昭和三〇年代に磨光小学校での事例である。
低学年の(集団(グループ))知能テストで「大人の立っている人の絵を描きなさい」というテストがあった。
このとき、こども達が描いたほとんどの絵が「立っている人の姿と大きな家の絵」だった。この村の方言では「家」を「エ」といいきる。「オラエ」(私の家)、相手の家のことを「ナエ」(汝の家)または「オメダ」(お前の家)。
「オトナノ・タッテイルヒトノ・エヲカキナサイ」という設問に、こども達は―「家(エ)」を描きなさいと聞いたのである。
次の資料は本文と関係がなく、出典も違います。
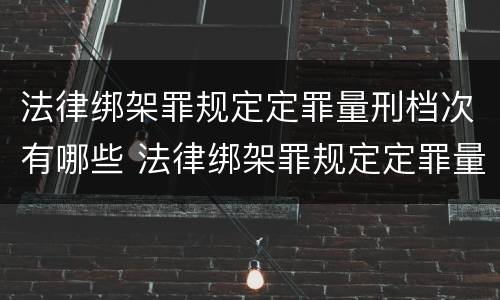 法律绑架罪规定定罪量刑档次有哪些 法律绑架罪规定定罪量刑档次有哪些要求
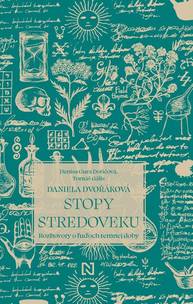 E-kniha Stopy stredoveku - Daniela Dvořáková, Tomáš Gális, Denisa Gura Doričová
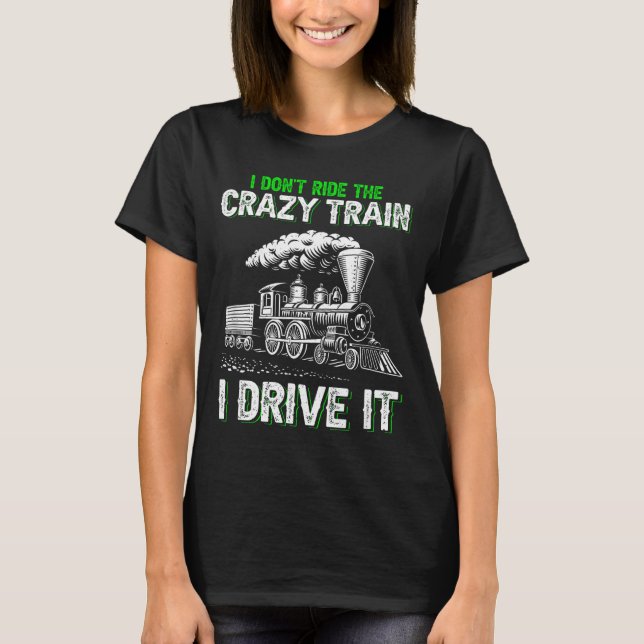 I Don't Ride On The Crazy Train I Drive It Railroa T Shirt (Framsida)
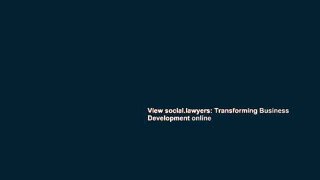 View social.lawyers: Transforming Business Development online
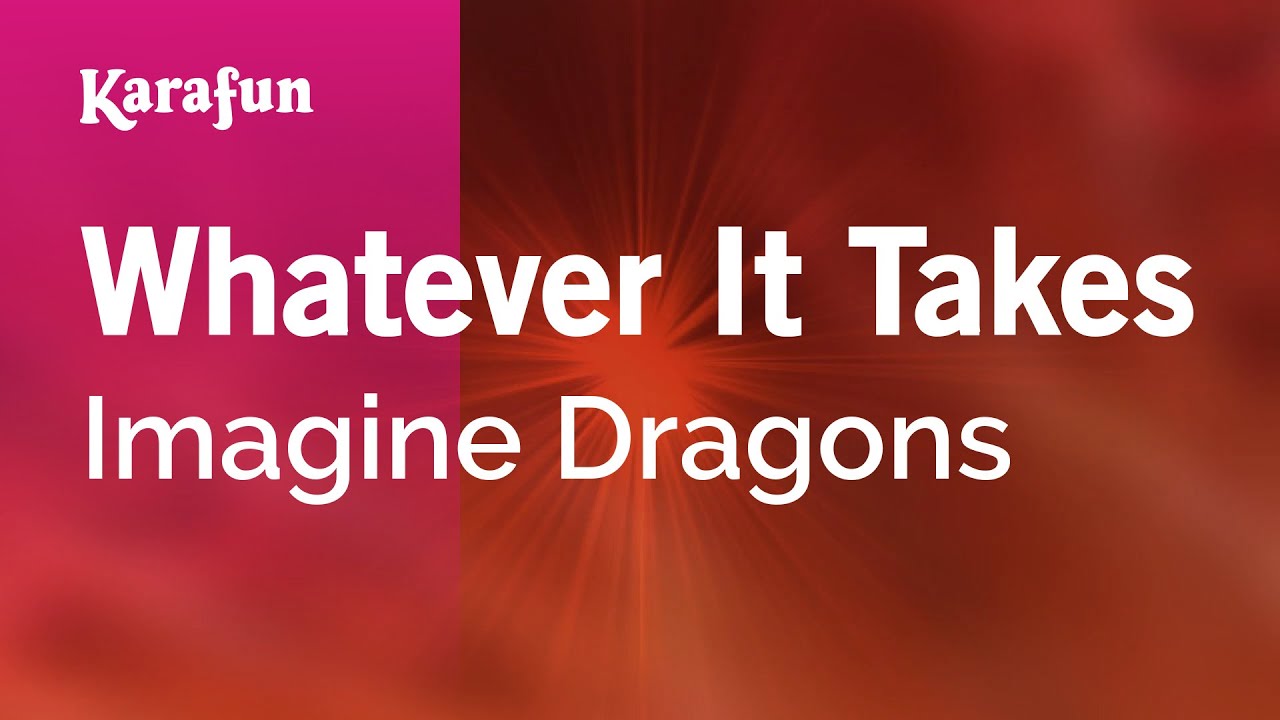 Whatever It Takes - Imagine Dragons | Karaoke Version | KaraFun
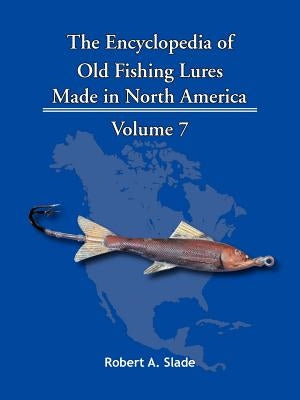 The Encyclopedia of Old Fishing Lures: Made in North America by Slade, Robert A.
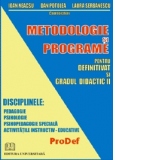 Metodologie si programe pentru definitivat si gradul didactic II. Disciplinele: Pedagogie, Psihologie, Psihopedagogie speciala, Activitatile instructiv-educative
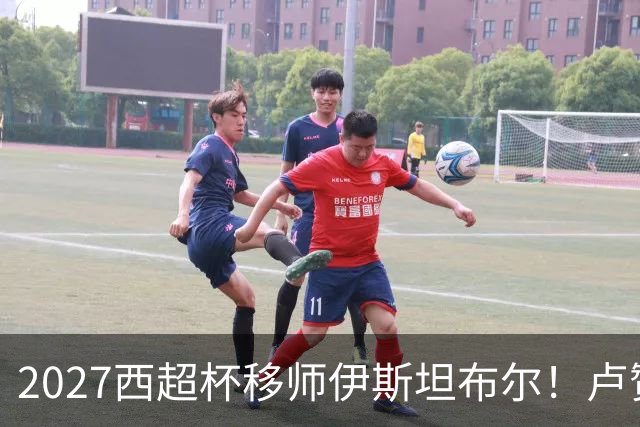 2027西超杯移师伊斯坦布尔！卢赞：西超杯潜在受众超过一亿人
教師は、このテストのとりくみに、テストの設問にあたって「余分な説明を加えずに正しく伝えること」ということに忠実なあまり、こども達の方言の世界を知っていながら、共通語で設問をしたので、ことばのちがいが、うっかりテストを誘ったのである。
この知能テストは採点不能となり、集団テストとしては見事失敗した。翌年のテストには「大人の立ってる人を描きなさい」といういい方にして、このことは当時の学習部の知能テスト実施のときの注意事項として引き継がれた。
言語教育の中で、もっとも大事なことは、言葉づかいや発音よりも、そして語彙表現の豊富さよりも、言い方が大事である。話す人の心づかいである。どんな美しい発音や豊富な表現でも相手を傷つけたら、それはわるい言葉となり、いけない話し方となる。
どんなにつたないいい方でも、相手を尊重し、あたたかい話し方であれば相手に真意が伝わるものである。そして方言でなければできない独特の情緒をつたえることができる。